**Work instructions**
Reproduce precisely the lines of the listing below, starting with the line that contains "Alzheimers Awareness Purple" and stopping after the line that contains "3 Buttons Car"; include nothing else.

**Source records**
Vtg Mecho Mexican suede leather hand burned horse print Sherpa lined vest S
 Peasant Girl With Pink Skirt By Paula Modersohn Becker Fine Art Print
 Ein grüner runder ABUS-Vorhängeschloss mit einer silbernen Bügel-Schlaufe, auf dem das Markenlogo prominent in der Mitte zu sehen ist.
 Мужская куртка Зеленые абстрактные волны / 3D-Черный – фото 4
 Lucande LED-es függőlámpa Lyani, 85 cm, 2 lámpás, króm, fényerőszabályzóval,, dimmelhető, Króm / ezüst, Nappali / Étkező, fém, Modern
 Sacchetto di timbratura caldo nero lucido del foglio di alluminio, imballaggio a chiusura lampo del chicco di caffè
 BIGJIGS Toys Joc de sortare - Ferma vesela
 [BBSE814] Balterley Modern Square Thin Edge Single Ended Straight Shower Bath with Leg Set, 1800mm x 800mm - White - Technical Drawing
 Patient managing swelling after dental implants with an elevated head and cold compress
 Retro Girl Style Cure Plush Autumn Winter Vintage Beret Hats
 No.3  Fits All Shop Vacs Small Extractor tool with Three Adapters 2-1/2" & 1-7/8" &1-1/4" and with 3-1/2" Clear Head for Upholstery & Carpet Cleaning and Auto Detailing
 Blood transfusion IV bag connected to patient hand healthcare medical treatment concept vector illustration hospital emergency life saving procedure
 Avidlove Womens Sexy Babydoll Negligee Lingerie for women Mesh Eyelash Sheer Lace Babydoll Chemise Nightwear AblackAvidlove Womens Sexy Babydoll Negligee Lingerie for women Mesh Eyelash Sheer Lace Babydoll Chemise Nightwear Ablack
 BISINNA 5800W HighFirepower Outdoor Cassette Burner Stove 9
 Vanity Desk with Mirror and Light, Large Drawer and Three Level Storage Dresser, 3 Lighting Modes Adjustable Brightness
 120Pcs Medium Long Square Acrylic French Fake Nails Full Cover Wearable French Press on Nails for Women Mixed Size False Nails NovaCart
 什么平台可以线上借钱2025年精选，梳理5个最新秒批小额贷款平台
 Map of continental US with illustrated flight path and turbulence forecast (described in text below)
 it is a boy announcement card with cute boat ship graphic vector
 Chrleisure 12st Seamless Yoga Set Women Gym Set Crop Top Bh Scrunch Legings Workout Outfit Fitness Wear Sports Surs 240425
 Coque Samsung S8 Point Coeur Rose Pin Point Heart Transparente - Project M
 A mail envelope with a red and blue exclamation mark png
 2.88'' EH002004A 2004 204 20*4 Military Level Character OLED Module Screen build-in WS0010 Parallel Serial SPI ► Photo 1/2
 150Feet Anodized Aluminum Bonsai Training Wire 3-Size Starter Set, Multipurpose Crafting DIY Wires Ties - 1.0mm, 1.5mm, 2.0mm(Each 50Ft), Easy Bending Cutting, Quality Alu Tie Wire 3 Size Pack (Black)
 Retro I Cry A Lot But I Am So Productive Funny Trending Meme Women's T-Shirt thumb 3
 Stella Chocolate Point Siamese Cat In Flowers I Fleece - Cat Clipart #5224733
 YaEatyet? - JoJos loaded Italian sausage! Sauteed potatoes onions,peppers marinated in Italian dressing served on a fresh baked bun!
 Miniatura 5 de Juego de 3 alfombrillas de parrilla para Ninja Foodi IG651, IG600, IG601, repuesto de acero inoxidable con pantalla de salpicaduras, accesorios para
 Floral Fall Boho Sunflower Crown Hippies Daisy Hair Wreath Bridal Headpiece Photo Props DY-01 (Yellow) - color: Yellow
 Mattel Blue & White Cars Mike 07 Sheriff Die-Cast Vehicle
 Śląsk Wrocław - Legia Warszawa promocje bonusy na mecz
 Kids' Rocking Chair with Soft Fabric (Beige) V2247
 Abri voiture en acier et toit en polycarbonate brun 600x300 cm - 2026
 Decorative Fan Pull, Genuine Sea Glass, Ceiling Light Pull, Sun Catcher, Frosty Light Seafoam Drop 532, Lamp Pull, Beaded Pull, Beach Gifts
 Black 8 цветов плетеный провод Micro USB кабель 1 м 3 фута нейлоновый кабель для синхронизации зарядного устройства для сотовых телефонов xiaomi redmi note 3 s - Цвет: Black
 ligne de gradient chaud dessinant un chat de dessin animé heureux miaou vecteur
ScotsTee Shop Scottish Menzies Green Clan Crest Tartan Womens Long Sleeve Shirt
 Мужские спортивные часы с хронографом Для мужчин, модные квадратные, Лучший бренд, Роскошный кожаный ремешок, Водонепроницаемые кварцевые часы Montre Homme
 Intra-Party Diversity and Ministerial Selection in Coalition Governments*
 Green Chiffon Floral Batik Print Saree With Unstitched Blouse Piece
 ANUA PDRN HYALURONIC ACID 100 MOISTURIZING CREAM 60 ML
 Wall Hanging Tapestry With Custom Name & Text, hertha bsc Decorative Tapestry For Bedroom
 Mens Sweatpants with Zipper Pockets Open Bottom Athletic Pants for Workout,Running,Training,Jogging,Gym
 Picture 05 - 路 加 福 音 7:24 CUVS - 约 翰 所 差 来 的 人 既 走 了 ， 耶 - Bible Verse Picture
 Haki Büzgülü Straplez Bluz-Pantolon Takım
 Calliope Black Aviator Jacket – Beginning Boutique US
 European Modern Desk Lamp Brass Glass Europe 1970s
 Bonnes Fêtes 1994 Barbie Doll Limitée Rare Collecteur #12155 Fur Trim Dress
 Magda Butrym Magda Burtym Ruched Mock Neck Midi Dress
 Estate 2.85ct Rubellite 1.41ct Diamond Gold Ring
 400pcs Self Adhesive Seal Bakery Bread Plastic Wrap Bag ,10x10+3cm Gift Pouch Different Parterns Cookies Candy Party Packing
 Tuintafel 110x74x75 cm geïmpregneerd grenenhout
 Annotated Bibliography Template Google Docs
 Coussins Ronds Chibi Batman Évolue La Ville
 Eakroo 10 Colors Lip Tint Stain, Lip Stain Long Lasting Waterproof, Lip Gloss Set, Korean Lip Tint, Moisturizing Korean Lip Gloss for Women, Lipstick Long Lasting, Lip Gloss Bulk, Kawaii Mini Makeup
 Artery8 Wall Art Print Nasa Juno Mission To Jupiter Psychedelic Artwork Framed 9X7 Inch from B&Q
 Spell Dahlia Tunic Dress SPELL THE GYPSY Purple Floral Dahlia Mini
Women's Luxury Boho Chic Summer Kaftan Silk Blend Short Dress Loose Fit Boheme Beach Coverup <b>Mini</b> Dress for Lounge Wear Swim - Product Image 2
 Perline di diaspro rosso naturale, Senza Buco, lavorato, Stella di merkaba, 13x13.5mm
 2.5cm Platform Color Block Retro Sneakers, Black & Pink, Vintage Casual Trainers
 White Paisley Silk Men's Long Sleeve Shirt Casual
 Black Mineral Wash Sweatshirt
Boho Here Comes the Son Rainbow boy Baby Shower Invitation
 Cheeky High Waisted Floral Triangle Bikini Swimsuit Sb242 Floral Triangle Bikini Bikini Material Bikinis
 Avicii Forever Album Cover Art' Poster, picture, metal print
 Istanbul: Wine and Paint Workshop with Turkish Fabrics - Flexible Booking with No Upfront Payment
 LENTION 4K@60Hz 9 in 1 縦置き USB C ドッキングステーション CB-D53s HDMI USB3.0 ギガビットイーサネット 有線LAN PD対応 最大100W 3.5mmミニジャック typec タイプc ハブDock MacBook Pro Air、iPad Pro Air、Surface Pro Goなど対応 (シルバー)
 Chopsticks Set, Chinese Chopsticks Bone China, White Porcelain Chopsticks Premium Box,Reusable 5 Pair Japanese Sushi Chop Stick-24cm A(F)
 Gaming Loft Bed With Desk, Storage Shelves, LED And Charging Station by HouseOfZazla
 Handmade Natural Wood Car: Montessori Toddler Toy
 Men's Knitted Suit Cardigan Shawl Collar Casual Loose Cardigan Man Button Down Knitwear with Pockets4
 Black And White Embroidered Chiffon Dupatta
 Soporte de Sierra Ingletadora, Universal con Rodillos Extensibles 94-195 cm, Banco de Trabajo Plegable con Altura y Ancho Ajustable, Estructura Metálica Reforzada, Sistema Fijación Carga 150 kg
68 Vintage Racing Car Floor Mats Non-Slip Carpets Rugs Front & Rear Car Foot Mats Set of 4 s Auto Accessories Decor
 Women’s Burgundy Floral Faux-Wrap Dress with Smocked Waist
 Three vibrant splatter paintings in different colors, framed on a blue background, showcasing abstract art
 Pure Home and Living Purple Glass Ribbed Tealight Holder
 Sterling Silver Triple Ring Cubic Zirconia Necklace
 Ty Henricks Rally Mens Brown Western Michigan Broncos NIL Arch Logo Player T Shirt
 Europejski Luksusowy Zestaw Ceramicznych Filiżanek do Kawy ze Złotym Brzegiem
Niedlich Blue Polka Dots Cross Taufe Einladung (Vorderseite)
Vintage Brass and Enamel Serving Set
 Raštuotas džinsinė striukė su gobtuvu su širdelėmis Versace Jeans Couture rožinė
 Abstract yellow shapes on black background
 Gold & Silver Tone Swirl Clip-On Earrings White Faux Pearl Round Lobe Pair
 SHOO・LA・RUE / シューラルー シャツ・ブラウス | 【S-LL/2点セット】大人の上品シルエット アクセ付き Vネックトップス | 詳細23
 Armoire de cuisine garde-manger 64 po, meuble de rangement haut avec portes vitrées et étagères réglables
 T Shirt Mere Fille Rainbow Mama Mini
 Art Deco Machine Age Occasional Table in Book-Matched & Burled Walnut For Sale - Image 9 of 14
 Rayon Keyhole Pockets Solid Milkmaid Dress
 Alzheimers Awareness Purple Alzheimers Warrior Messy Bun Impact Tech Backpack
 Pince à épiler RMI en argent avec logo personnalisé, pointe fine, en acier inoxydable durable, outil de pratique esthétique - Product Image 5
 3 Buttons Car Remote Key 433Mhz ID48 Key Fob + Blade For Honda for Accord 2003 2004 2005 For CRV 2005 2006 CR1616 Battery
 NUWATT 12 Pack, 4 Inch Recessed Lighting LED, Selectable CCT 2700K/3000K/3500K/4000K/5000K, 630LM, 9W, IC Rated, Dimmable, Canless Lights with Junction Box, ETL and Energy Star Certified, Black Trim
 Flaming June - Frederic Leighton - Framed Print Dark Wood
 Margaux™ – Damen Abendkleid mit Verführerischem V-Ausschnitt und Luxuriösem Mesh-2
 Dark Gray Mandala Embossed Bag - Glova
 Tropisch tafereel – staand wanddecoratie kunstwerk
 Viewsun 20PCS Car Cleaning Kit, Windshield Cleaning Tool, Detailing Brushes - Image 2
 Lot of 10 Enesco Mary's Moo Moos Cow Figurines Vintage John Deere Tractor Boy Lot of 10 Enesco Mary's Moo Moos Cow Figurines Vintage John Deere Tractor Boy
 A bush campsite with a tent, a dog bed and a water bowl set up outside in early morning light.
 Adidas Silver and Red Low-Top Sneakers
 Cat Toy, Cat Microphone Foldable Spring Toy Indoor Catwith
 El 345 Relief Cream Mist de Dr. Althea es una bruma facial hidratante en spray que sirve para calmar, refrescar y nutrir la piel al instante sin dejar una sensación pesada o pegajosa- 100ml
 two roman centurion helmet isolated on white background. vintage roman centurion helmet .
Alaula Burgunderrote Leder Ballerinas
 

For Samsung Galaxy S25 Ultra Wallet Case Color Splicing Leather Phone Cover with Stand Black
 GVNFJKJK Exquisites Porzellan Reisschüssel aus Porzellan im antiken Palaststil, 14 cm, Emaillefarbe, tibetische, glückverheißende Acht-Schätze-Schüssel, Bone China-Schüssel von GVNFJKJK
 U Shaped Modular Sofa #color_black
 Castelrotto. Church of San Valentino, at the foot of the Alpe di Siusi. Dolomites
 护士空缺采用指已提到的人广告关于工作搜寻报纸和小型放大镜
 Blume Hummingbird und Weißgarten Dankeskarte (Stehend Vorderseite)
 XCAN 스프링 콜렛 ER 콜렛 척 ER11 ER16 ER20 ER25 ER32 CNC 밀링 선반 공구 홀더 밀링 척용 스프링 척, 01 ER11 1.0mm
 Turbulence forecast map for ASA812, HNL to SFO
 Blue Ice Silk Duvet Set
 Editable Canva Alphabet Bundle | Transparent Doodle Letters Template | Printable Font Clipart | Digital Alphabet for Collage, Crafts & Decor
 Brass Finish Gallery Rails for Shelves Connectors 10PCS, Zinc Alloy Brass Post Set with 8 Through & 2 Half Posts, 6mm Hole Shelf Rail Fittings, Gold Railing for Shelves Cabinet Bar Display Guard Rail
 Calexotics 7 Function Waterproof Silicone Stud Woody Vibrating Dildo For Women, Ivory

**Response**
 Alzheimers Awareness Purple Alzheimers Warrior Messy Bun Impact Tech Backpack
 Pince à épiler RMI en argent avec logo personnalisé, pointe fine, en acier inoxydable durable, outil de pratique esthétique - Product Image 5
 3 Buttons Car Remote Key 433Mhz ID48 Key Fob + Blade For Honda for Accord 2003 2004 2005 For CRV 2005 2006 CR1616 Battery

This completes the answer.